> _Given information_:
=-=-=
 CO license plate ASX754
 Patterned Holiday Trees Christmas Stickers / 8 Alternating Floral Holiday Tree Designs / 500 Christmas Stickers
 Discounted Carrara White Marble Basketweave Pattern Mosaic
=-=-=
> _Directions for this task_: Only the stretch of lines that begins with the one holding "Patterned Holiday Trees" and ends with the last line above belongs in the answer; please write it out exactly.

> _Output for this exercise_:
 Patterned Holiday Trees Christmas Stickers / 8 Alternating Floral Holiday Tree Designs / 500 Christmas Stickers
 Discounted Carrara White Marble Basketweave Pattern Mosaic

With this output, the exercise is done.